National Olympiad Final Round

If $n$ is odd then the largest integer that is less than $\frac{n}{2}$ is $\frac{n-1}{2}$. Let $d$ be a common divisor of numbers $\frac{n-1}{2}$ and $n$. Then $d$ is a common divisor of numbers $n-1$ and $n$, implying that $d=1$. Hence $\frac{n-1}{2}$ and $n$ are relatively prime, meaning that the hypothesis holds in the case of odd numbers.

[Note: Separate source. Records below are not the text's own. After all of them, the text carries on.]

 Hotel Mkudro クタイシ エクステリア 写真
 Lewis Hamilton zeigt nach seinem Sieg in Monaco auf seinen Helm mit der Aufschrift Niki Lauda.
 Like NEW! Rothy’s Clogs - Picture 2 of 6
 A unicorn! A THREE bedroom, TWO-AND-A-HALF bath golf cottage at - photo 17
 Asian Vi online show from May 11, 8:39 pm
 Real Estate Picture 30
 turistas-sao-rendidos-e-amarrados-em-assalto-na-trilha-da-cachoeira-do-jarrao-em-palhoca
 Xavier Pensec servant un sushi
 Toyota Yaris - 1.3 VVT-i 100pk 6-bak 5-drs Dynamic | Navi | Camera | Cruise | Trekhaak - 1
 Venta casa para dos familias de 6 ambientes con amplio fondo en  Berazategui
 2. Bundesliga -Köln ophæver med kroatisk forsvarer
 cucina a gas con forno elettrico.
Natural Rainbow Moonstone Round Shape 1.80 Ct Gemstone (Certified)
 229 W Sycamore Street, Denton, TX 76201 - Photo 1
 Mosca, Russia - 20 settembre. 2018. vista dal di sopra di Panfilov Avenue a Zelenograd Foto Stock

If $n$ is even then the two largest integers that are less than $\frac{n}{2}$ are $\frac{n}{2}-1$ and $\frac{n}{2}-2$. Let $d_1$ be a common divisor of numbers $\frac{n}{2}-1$ and $n$, and let $d_2$ be a common divisor of numbers $\frac{n}{2}-2$ and $n$. Then $d_1$ is a common divisor of numbers $n-2$ and $n$, and $d_2$ is a common divisor of numbers $n-4$ and $n$. Hence $d_1$ divides 2, i.e., is either 1 or 2, and $d_2$ divides 4, i.e., is either 1 or 2 or 4. If $d_1$ and $d_2$ were both larger than 1, they both should be even, whence their multiples $\frac{n}{2}-1$ and $\frac{n}{2}-2$ should be even. This is impossible, since $\frac{n}{2}-1$ and $\frac{n}{2}-2$ are consecutive integers. The contradiction shows that at least one of the divisors $d_1$ and $d_2$ equals 1. Thus one of $\frac{n}{2}-1$ and $\frac{n}{2}-2$ is relatively prime to $n$, meaning that the hypothesis holds in the case of even numbers, too.